Problem statement:
Retype word for word the stretch of entries below from the line that has "VW Amarok Gebrauchtwagen" through the line that has "Ferienwohnung in Füssen", and omit the pictures.

Dataset records:
|---|

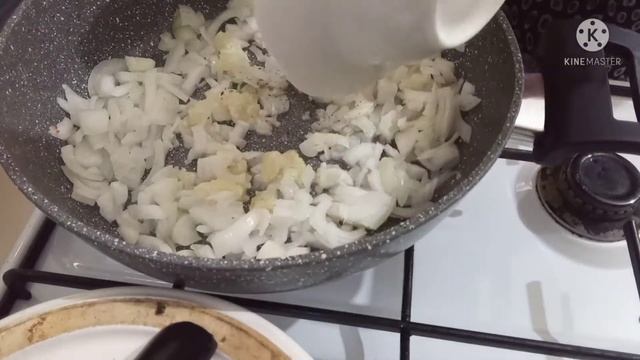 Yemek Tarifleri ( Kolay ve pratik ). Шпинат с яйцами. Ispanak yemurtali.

|---|

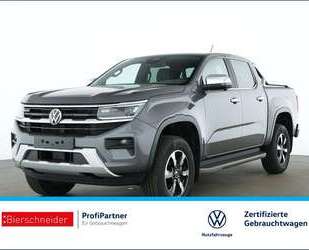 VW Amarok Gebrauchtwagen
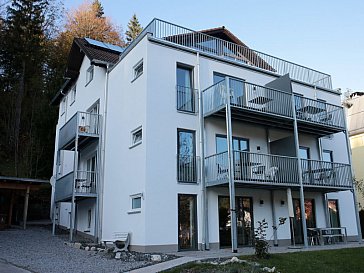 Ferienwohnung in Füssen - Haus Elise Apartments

|---|

Response below:
 VW Amarok Gebrauchtwagen
 Ferienwohnung in Füssen - Haus Elise Apartments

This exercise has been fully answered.